Houseplants are good for us. Their presence eases much of the stress that leads to disease and may even lower blood pressure and blood sugar. Some, such as the spider plant, actually act as air purifiers, absorbing formaldehyde and other toxic indoor fumes. Beyond the health benefits, houseplants provide a living link with nature, make pleasant winter companions and lend softness and warmth to our surroundings. The problem, though, is that most indoor environments are not good for plants after all, homes are designed to provide human comfort. Modern interiors are generally very dry, whereas many houseplants are tropical and subtropical natives that require high humidity. And indoor environments often rely on artificial lighting, which may be insufficient for many plants. So indoor gardening is not simply a "pot and forget" proposition. A lot of houseplants fail to flourish because of inappropriate environment or inadequate care. To increase your own chances for success, I'm going to recommend a variety of very durable, adaptable specimens and then offer a commonsense approach to caring for them. (See the indoor plant illustrations in the image gallery.)

How Bright Is Your Light?

From sun-blazed savannas to shady, canopied rain forests, the varied natural habitats of tropical plants have caused them to develop differing light-intensity needs. Accordingly, the most important rule of indoor gardening is to select a plant appropriate to your light situation.

Remember that radiant energy triggers photosynthesis, the process by which plants produce nourishment and build tissue. The blue and violet waves of the light spectrum promote foliage growth, while the longer red and far-red rays control stem length, leaf size and flowering.

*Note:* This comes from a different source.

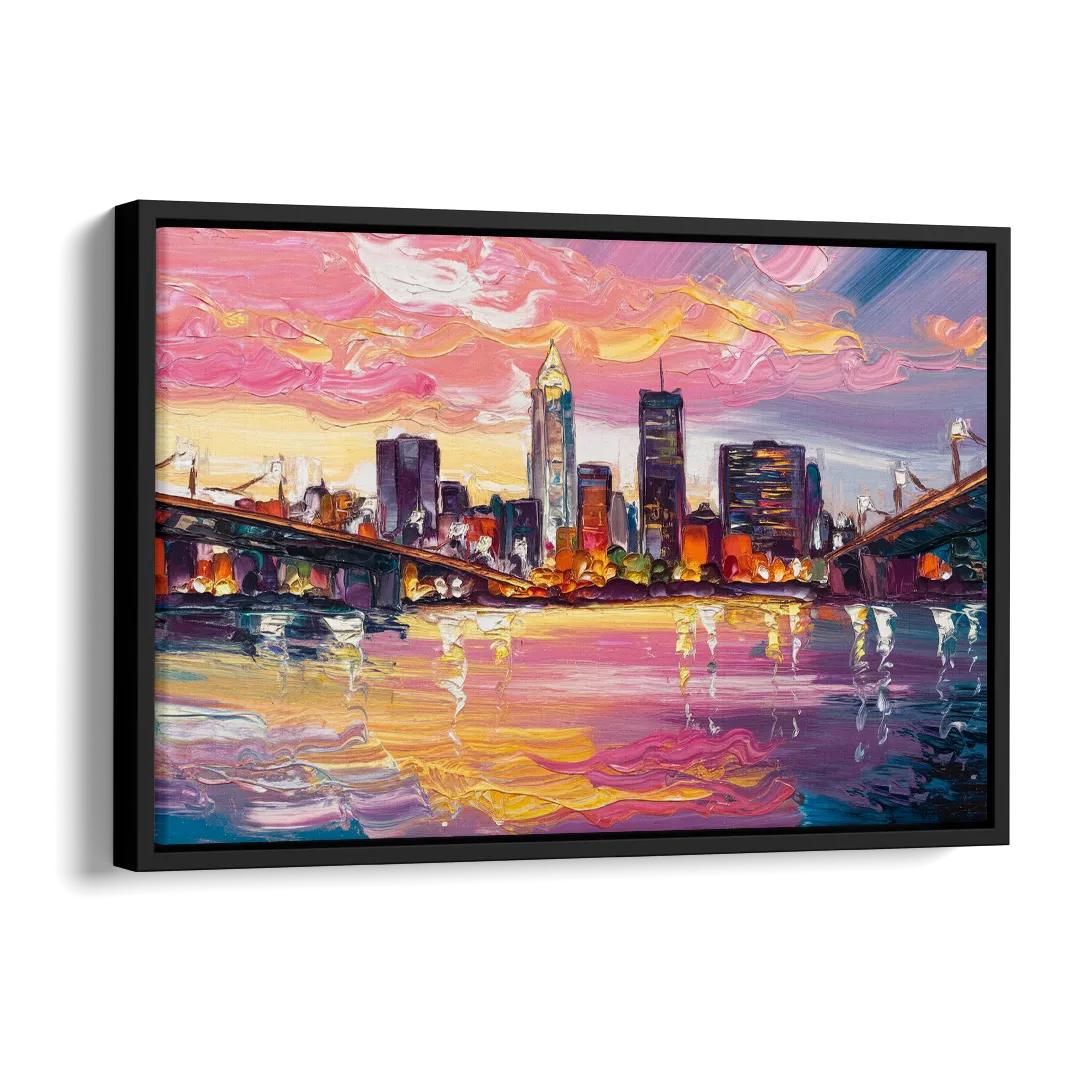 Cleveland Skyline At Sunset Side - Black Canvas Wall Art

The most common artificial light in homes is provided by incandescent tungsten filament bulbs. Incandescent light is rich in red and farred waves, but it does not contain enough blue and violet rays to provide a complete light source for plants. Natural outdoor light from windows can help supplement incanment incandescent illumination.

Some homes (and most offices) contain overhead fluorescent tubes. These fixtures can be used to achieve a balanced spectrum. Cool white tubes are inherently balanced, or you can combine daylight lamps (high in blue waves) with warm white bulbs (high in red). Still, fluorescent lighting does not exactly duplicate sunlight—and it's certainly not as intense.